What is not possible is to dequeue any given element in a non-blocking
manner: The enqueuer might have failed between lines~9 and~10 of the
figure, so that the element in question is only partially enqueued.
This results in a half-NBS algorithm where enqueues are NBS but
dequeues are blocking.
This algorithm is nevertheless used in practice, in part because
most production software is not required to tolerate arbitrary fail-stop
errors.
\subsection{NBS Discussion}
\label{sec:advsync:NBS Discussion}
It is possible to create fully non-blocking queues~\cite{MichaelScott96},
however, such queues are much more complex than the half-NBS algorithm
outlined above.
The lesson here is to carefully consider what your requirements really are.

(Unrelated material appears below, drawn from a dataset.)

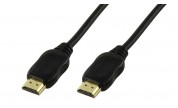 HDMI-kabel 4k Valueline - 1 m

Relaxing irrelevant requirements can often result in great
improvements in both simplicity and performance.
Recent research points to another important way to relax requirements.
It turns out that systems providing fair scheduling can enjoy most
of the benefits of wait-free synchronization even when running
algorithms that provide only non-blocking
synchronization, both in theory~\cite{DanAlitarh2013PracticalProgress}
and in practice~\cite{SamyAlBahra2013NBS}.
Because a great many schedulers used in production do in fact
provide fairness,
the more-complex algorithms providing wait-free synchronization
usually provide no practical advantages over their simpler
and often faster non-blocking-synchronization counterparts.
Interestingly enough, fair scheduling is but one beneficial
constraint that is often respected in practice.
Other sets of constraints can permit blocking algorithms to
achieve deterministic real-time response.
For example, given fair locks that are granted to requesters in FIFO order at
a given priority level,
a method of avoiding priority inversion (such as priority
inheritance~\cite{Takada:1995:RSN:527074.828566,Cai-DongWang1996PrioInherLock}
or priority ceiling), a bounded number of threads,
bounded critical sections,
bounded load,
and avoidance of fail-stop bugs,
lock-based applications can provide deterministic
response times~\cite{BjoernBrandenburgPhD}.
% @@@ Check dissertation details once internet is available.
This approach of course blurs the distinction between blocking and wait-free
synchronization, which is all to the good.
Hopefully theoeretical frameworks continue to grow, further increasing
their ability to
describe how software is actually constructed in practice.